> _Prompt_
When you retype the records that follow, keep each word as it is and drop any pictures.

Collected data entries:
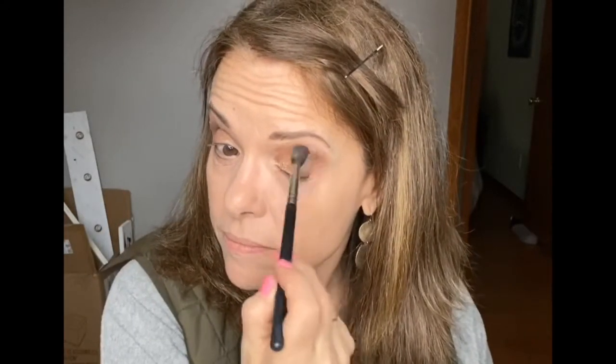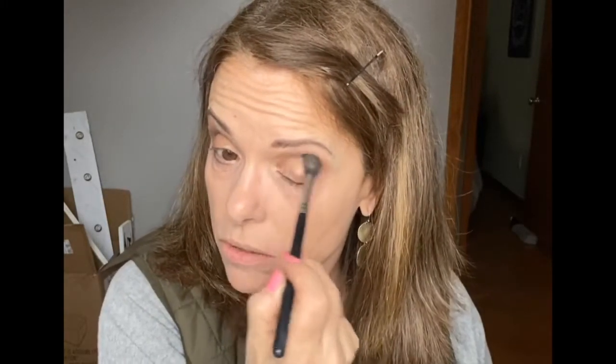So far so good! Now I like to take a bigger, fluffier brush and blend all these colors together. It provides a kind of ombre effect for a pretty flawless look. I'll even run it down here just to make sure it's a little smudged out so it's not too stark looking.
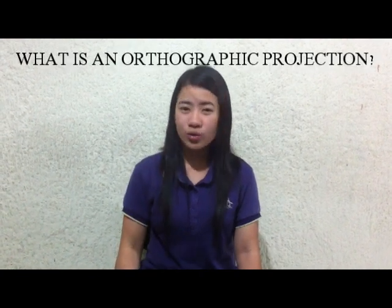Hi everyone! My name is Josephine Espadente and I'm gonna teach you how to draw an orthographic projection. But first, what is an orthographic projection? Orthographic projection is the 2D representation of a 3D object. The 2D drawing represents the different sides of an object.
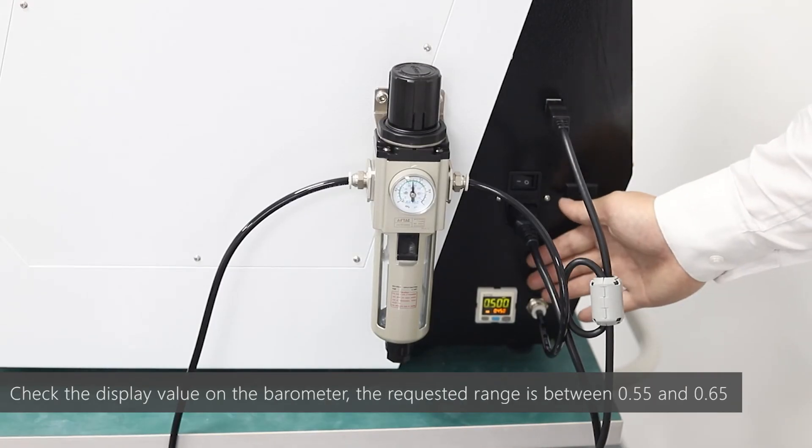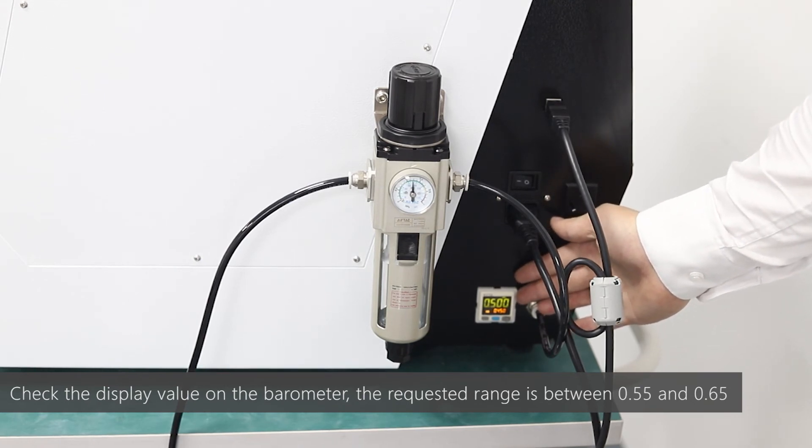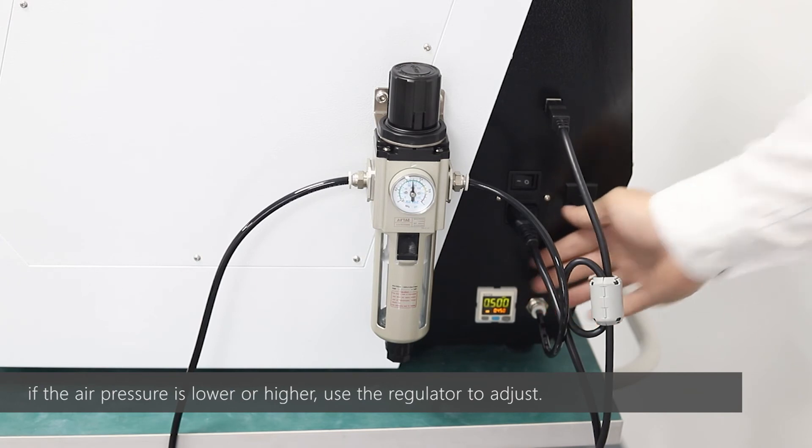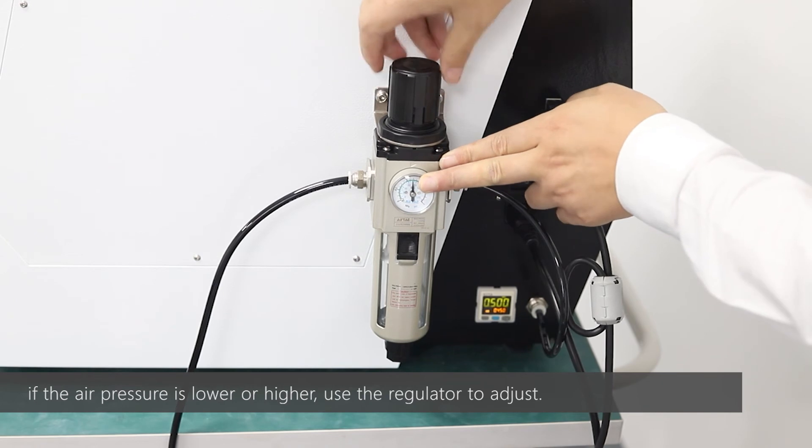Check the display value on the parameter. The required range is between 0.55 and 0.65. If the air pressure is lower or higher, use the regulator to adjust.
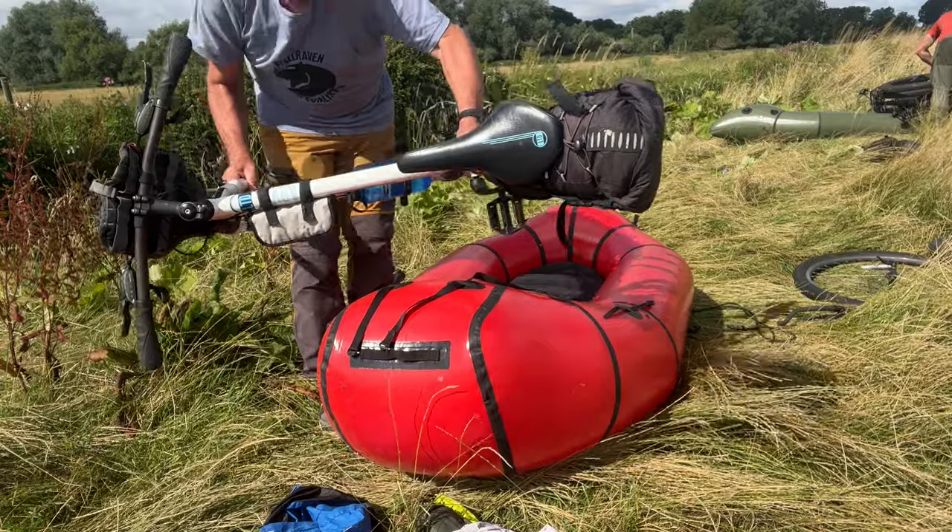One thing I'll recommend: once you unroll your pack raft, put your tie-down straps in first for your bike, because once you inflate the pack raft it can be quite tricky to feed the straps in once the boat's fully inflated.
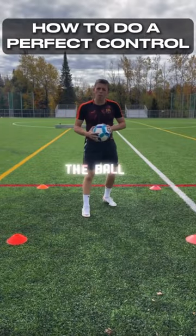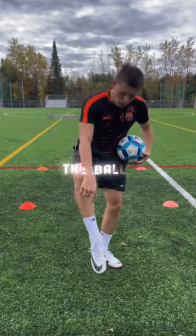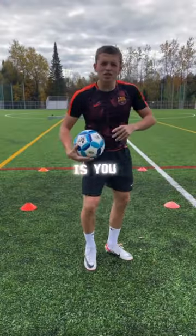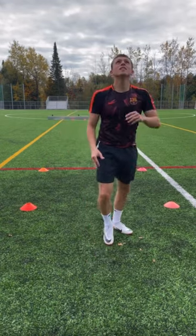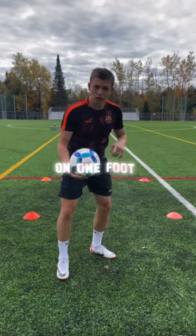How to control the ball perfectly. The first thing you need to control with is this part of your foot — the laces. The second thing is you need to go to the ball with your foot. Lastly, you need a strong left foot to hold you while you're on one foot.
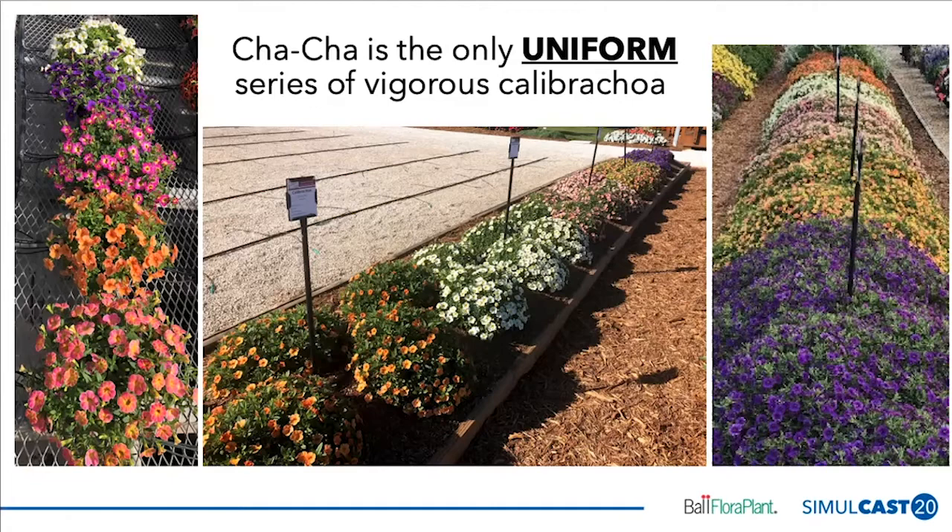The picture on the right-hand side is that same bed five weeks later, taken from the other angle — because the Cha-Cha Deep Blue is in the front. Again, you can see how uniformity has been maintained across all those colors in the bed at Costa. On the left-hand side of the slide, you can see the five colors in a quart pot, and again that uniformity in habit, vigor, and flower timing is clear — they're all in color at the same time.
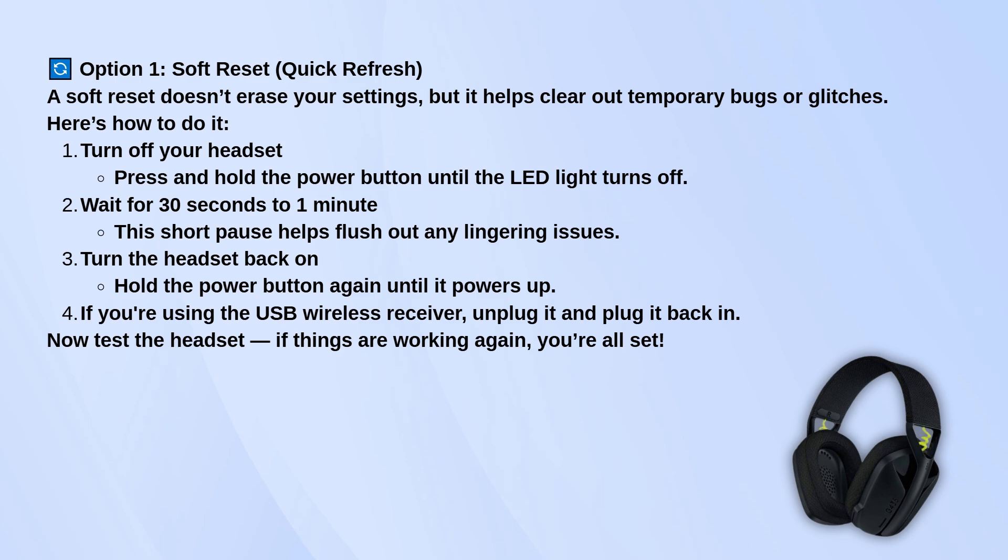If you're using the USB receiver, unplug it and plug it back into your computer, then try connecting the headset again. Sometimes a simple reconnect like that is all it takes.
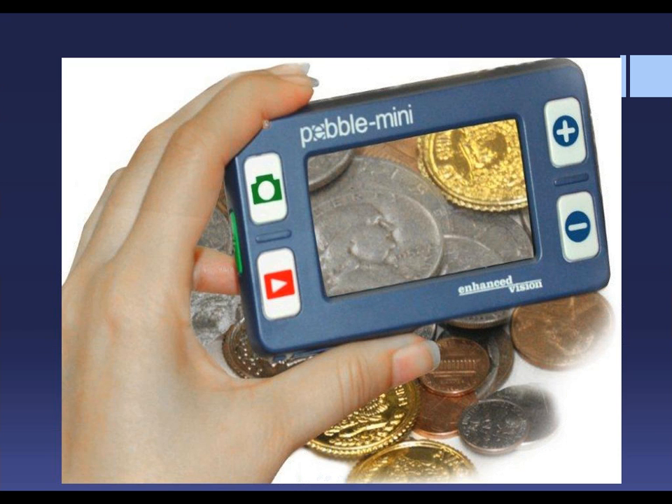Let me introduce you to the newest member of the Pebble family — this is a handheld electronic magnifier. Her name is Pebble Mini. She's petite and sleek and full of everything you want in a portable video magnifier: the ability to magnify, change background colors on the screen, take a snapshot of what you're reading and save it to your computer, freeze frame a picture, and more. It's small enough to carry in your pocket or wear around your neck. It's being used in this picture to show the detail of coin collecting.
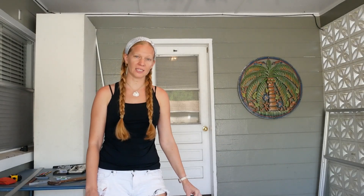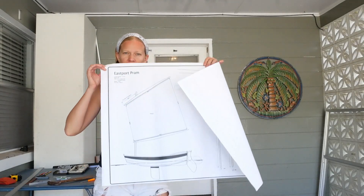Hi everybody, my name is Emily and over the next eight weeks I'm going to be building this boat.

> _Result of this exercise_
So far so good! Now I like to take a bigger, fluffier brush and blend all these colors together. It provides a kind of ombre effect for a pretty flawless look. I'll even run it down here just to make sure it's a little smudged out so it's not too stark looking.
Hi everyone! My name is Josephine Espadente and I'm gonna teach you how to draw an orthographic projection. But first, what is an orthographic projection? Orthographic projection is the 2D representation of a 3D object. The 2D drawing represents the different sides of an object.
Check the display value on the parameter. The required range is between 0.55 and 0.65. If the air pressure is lower or higher, use the regulator to adjust.
One thing I'll recommend: once you unroll your pack raft, put your tie-down straps in first for your bike, because once you inflate the pack raft it can be quite tricky to feed the straps in once the boat's fully inflated.
How to control the ball perfectly. The first thing you need to control with is this part of your foot — the laces. The second thing is you need to go to the ball with your foot. Lastly, you need a strong left foot to hold you while you're on one foot.
The picture on the right-hand side is that same bed five weeks later, taken from the other angle — because the Cha-Cha Deep Blue is in the front. Again, you can see how uniformity has been maintained across all those colors in the bed at Costa. On the left-hand side of the slide, you can see the five colors in a quart pot, and again that uniformity in habit, vigor, and flower timing is clear — they're all in color at the same time.
If you're using the USB receiver, unplug it and plug it back into your computer, then try connecting the headset again. Sometimes a simple reconnect like that is all it takes.
Let me introduce you to the newest member of the Pebble family — this is a handheld electronic magnifier. Her name is Pebble Mini. She's petite and sleek and full of everything you want in a portable video magnifier: the ability to magnify, change background colors on the screen, take a snapshot of what you're reading and save it to your computer, freeze frame a picture, and more. It's small enough to carry in your pocket or wear around your neck. It's being used in this picture to show the detail of coin collecting.
Hi everybody, my name is Emily and over the next eight weeks I'm going to be building this boat.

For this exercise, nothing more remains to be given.